Tate & Lyle Sugars’ claim lays responsibility for under-utilisation (60–70%) of its refining capacity in the UK and Portugal at the door of ‘EU sugar policy mismanagement’. The company maintains that it warned the EC as early as 2006 about the potential shortages that would arise for raw cane sugar refiners, ‘but the Commission failed to respond accordingly’. It also claims that the EC has violated regulatory stipulations which require ‘any additional, out-of-quota sugar imports’ to be raw cane sugar, by also allowing imports of refined sugar. The most recent complaint concerns ‘the European Commission’s management of the European sugar market during spring and early summer 2012. Two earlier complaints contested the Commission’s decisions impacting the sugar sector in the 2010-11 marketing year and the period November 2011 to January 2012.’
Under its three complaints, Tate & Lyle Sugars are ‘claiming damages worth €198 million’. The EC has until the end of October 2012 to respond to the initial complaint. An EC spokesperson maintains that ‘the regulations contested by Tate and Lyle represent a balanced policy towards the sugar market.’ Tate & Lyle Sugars’ action comes against the background of calls from food product manufacturers for the EC to ‘either increase quotas and/or allow food manufacturers to import sugar tariff-free from the world market’.
During the UK House of Lords’ deliberations on the future of the EU sugar regime, Tate & Lyle Sugars laid out the background to their claims for damages (see Agritrade articles ‘ The future of EU sugar production quotas’, 23 September 2012 and ‘ Industrial users set out their views on sugar reform against backdrop of...’, 9 September 2012). The House of Lords in its final report observed that ‘the Commission has at least attempted to balance the interests of the beet production and cane refining industries’ and must continue to do so ‘in a timely and transparent manner’.

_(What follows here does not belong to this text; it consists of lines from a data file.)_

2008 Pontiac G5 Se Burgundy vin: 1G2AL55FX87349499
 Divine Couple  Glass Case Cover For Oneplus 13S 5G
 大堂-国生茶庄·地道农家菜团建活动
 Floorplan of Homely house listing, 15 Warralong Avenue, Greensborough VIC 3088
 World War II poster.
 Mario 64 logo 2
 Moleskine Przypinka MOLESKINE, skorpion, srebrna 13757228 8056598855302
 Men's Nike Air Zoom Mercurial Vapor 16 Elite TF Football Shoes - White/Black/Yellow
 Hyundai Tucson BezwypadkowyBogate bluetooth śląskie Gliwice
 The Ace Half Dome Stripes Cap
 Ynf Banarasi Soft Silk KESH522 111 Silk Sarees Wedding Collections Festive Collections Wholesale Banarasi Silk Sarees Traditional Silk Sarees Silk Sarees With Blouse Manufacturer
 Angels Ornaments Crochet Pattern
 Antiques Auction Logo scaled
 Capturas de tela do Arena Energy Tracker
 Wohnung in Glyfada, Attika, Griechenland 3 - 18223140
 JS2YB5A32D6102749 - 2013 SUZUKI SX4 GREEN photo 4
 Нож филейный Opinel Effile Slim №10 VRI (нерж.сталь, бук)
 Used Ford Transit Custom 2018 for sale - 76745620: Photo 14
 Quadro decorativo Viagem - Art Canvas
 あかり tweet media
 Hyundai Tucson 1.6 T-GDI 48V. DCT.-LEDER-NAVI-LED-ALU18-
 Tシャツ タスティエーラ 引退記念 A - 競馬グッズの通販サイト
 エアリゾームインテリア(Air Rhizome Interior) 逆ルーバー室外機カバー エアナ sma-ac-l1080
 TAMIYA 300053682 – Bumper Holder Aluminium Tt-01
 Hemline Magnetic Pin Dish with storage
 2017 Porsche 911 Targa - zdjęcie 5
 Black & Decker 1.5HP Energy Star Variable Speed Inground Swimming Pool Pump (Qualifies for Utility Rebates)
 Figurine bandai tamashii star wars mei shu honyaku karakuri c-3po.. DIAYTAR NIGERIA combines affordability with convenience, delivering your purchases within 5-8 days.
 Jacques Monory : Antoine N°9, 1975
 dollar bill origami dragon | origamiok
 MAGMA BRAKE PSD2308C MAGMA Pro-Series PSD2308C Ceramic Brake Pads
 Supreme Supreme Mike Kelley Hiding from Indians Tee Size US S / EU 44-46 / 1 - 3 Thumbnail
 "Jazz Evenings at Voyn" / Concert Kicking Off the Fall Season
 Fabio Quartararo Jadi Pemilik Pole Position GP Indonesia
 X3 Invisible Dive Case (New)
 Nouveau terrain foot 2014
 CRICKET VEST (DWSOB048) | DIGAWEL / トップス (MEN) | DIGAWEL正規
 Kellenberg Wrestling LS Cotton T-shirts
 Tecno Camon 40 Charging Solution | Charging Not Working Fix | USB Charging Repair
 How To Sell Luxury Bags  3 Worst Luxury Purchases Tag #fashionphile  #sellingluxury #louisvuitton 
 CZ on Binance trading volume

The policy changes introduced through the EU’s sugar reform process have had very different effects on the relative competitiveness of traditional raw cane sugar refiners and beet sugar refiners. This is in part linked to the agreed reform of import licensing arrangements, which broadened out the right to import raw sugar beyond traditional raw cane sugar refiners. With beet refiners investing in plant modifications – which, according to Tate & Lyle’s oral submission to the UK House of Lords Committee hearing, added ‘some 1.85 million tonnes of new refining capacity’, traditional cane sugar refiners faced intensified competition from these new co-refiners for supplies of imported raw sugar. With co-refiners in a financial position to offer better prices for raw cane sugar (since their capital costs are covered by their beet processing operations), it is argued that these reforms and the EC’s management of the EU sugar regime have contributed to the widely divergent financial performances of traditional cane sugar refiners and co-refining beef processing companies.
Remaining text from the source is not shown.